Task item:
Would you show every line from the records that holds "color"?

The data:
*** Begin section ***

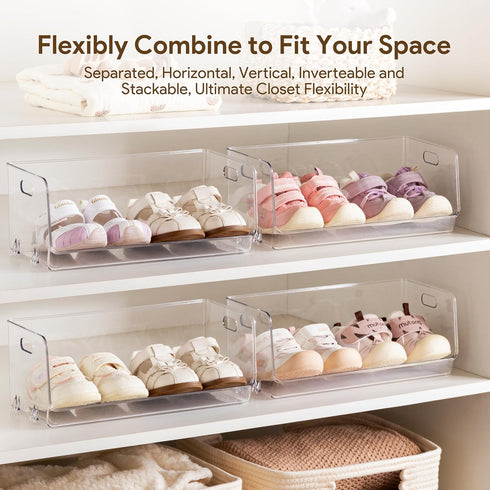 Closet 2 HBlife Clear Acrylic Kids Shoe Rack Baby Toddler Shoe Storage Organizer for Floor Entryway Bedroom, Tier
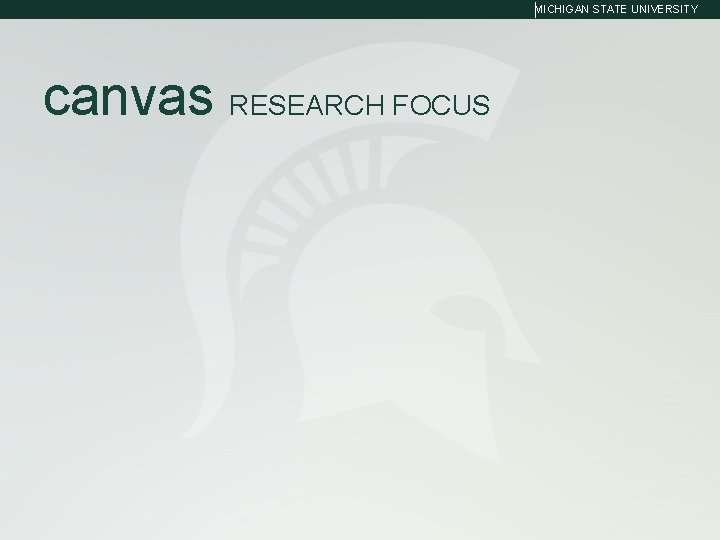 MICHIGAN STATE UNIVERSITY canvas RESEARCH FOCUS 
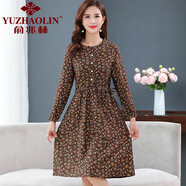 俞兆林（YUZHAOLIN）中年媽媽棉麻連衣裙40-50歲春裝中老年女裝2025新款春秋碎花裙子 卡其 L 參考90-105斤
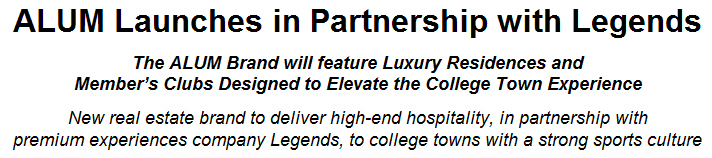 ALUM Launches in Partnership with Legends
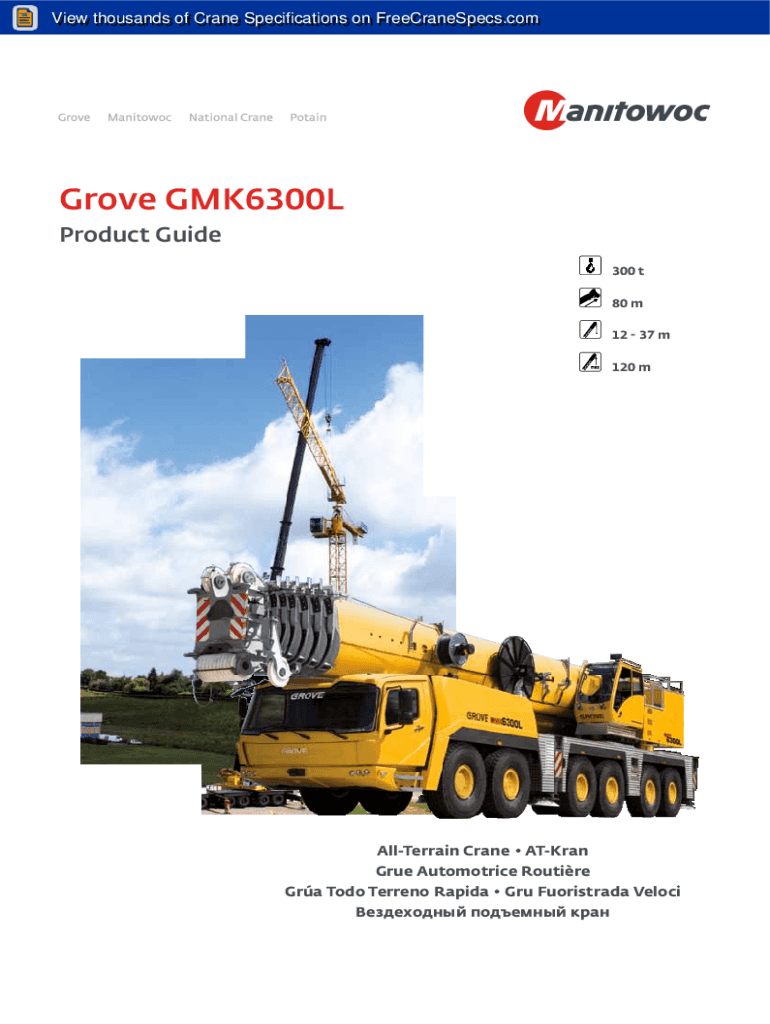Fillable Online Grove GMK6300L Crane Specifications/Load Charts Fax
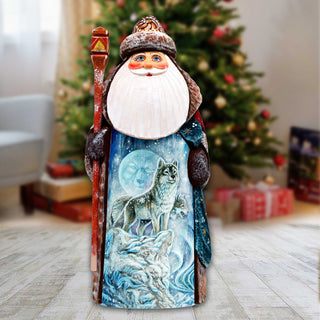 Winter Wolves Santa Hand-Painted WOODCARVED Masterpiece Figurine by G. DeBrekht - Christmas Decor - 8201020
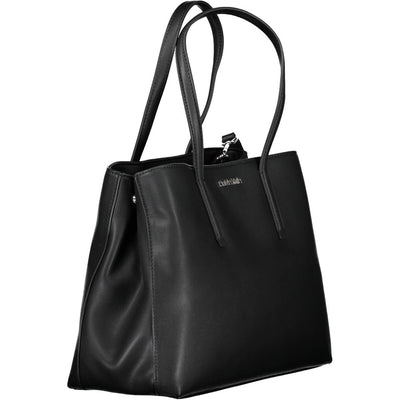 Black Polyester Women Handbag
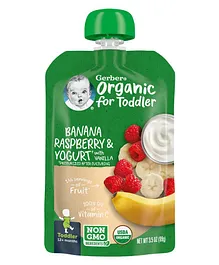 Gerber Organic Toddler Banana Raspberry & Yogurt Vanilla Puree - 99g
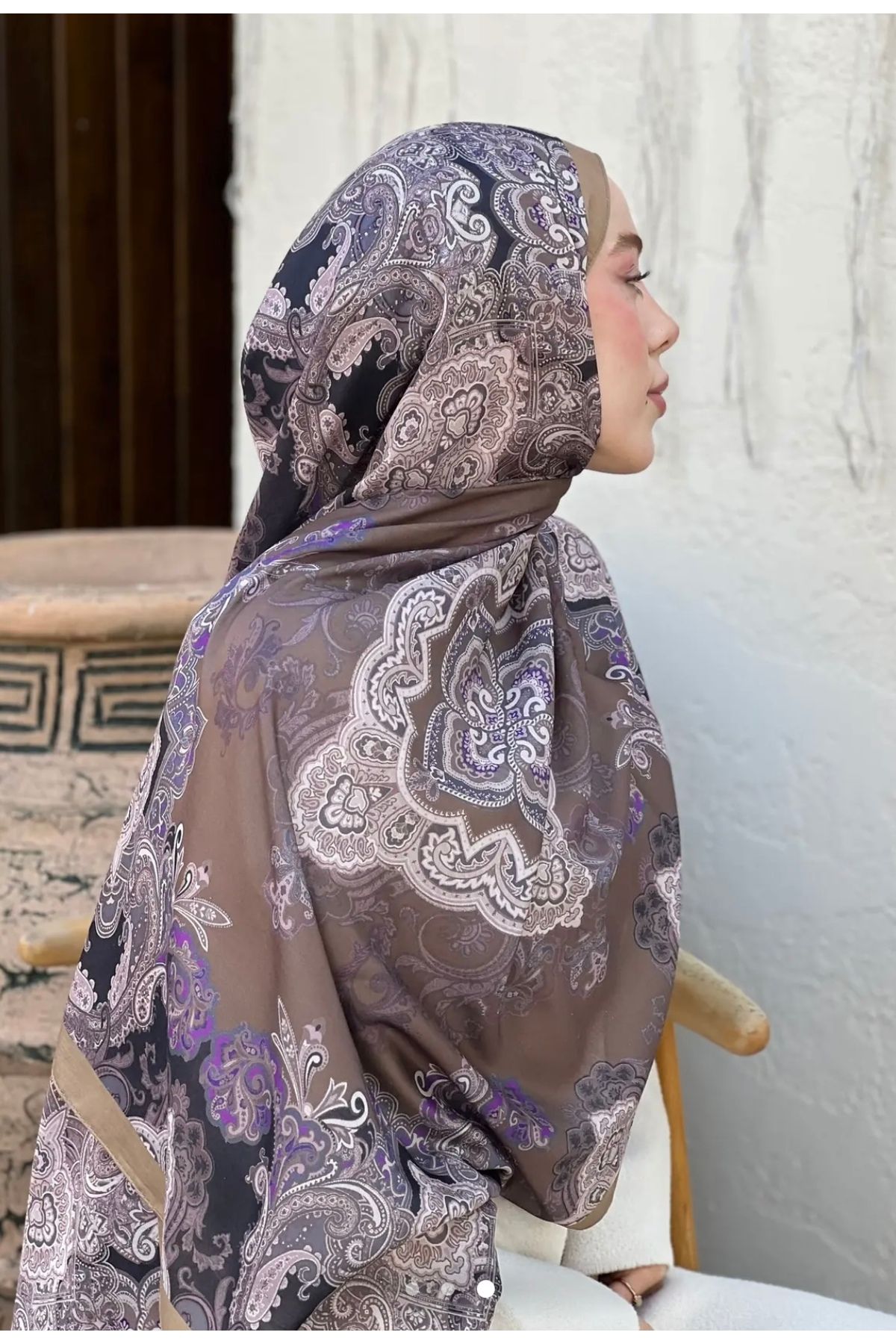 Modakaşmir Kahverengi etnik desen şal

*** End section ***
*** Begin section ***

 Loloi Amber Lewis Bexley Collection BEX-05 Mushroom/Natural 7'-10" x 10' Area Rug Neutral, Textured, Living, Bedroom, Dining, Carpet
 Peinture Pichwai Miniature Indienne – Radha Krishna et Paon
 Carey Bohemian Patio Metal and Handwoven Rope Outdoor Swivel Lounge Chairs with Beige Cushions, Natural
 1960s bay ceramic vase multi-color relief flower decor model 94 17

*** End section ***
*** Begin section ***

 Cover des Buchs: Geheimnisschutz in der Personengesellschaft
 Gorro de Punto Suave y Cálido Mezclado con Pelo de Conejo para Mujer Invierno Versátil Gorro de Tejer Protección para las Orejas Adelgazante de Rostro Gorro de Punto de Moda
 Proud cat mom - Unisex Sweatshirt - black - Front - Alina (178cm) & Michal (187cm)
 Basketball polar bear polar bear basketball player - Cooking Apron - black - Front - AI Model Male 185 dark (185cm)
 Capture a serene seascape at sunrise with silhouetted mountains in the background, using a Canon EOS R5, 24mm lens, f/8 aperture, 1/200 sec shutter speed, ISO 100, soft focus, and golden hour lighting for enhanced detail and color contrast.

*** End section ***

Solution for this problem:
 1960s bay ceramic vase multi-color relief flower decor model 94 17
 Capture a serene seascape at sunrise with silhouetted mountains in the background, using a Canon EOS R5, 24mm lens, f/8 aperture, 1/200 sec shutter speed, ISO 100, soft focus, and golden hour lighting for enhanced detail and color contrast.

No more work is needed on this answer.